Withdrawal from alcohol can be physically painful, but anyone experiencing them is in the midst of a medical emergency. There is the danger of the cardiovascular system completely collapsing, which can result in death. Medical science has reduced the mortality rate from them over the past 50 years, yet anywhere from 1 to 15 percent of people who develop this condition will die.
- Death may occur in up to 5 percent of patients with DT’s
DTs could stand for “death threat.”
Delirium Tremens is a severe medical condition. Because of the significant impact on the cardiovascular system and other vital areas of the body, it can be fatal.
According to the experts, it will cause death somewhere between 1 – 15% of the case even when there is adequate treatment. It will cause death in 15 – 40% of the cases when no treatment is available.
How many people get the DTs?
According to Wikipedia, 2% of all alcoholics will develop Delirium Tremens after they stop an episode of drinking.
Here are some of the signs to look for if someone who is an alcohol drinker stops. Symptoms can include some of the following:
- Changes in mental functions
- Confusion, agitation, irritability
- Severe mood swings
- Sensitivity to light, touch, and sound
- Excessive sleep and sleepiness
- Anxiety and depression
They can present themselves in as little as 2 hours from the last drink but typically begin to manifest anywhere from 48 to 72 hours after the last alcohol intake. The symptoms seem to spike around the 5th day of detox. With proper medical supervision, patients can begin to recover from the condition.
Those most at risk are chronic drinkers with a history of ten years or more of alcoholism. Heavy drinking is 4 to 5 pints of wine, 7 to 8 pints of beer, or one pint of liquor every day for several weeks.
Others who are at risk can include the following:
- Alcoholics going in for surgery who do not disclose their drinking habits
- Heavy drinkers who quit alcohol cold-turkey
- Individuals who have developed the symptoms in the past
- Drinkers that habitually eat very little and stop drinking for a short period
- Most people who create it are older, but the condition can affect a person of any age who’s consistently been drinking heavily.
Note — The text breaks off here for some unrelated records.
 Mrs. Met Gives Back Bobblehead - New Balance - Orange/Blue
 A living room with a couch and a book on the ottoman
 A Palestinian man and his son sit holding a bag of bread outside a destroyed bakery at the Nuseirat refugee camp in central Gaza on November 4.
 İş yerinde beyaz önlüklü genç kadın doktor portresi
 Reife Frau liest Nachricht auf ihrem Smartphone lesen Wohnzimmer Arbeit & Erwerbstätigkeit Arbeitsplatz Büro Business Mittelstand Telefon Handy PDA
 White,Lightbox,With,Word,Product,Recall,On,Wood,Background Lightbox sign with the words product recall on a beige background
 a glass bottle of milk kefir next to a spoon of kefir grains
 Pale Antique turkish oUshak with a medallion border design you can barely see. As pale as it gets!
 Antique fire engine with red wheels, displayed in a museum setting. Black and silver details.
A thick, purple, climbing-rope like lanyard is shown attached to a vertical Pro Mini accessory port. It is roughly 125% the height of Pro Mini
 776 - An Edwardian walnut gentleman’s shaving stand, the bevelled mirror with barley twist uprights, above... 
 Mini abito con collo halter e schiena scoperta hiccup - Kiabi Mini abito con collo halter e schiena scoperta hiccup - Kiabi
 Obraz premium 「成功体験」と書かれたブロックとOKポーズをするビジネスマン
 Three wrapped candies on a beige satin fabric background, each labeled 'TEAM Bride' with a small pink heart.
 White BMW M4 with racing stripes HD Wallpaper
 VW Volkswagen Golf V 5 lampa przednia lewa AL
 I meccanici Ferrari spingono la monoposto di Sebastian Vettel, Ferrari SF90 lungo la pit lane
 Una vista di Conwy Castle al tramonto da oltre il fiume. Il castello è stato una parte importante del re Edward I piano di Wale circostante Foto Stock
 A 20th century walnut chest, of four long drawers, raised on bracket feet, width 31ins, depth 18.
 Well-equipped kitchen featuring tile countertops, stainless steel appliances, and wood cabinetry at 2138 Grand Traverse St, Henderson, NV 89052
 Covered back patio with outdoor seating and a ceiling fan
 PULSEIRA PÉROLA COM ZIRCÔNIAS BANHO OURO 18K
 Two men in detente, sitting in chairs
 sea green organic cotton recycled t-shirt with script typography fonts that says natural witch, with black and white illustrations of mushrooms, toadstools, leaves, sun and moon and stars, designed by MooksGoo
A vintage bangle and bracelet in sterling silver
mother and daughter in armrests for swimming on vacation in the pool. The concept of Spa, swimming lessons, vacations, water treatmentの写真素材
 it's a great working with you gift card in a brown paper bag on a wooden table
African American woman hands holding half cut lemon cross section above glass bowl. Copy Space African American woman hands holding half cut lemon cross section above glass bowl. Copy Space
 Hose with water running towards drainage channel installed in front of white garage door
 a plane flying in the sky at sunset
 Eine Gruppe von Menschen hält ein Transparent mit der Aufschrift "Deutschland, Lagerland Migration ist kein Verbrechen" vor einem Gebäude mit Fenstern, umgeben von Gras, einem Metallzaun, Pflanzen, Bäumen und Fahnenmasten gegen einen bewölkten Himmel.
Responding to someone with the Delirium Tremens first focuses on saving the patient’s life. Once doctors have them stabilized, a person might need to be sedated for up to a week while monitored, and their symptoms manifest. Only after complete detoxification can long-term treatment for alcohol dependency and alcoholism begin.
Because of the risk of death and severe medical damage that Delirium Tremens can cause, a total and lifelong abstinence from alcohol. Alcohol rehabilitation, support groups, and counseling to help individuals genuinely recover and establish a foundation for a happy, healthy, and sober lifestyle.
* based on the data from Wikipedia, 50% of all alcoholics develop withdrawal symptoms when they are stopping drinking, and approximately 4% of them will develop Delirium Tremens.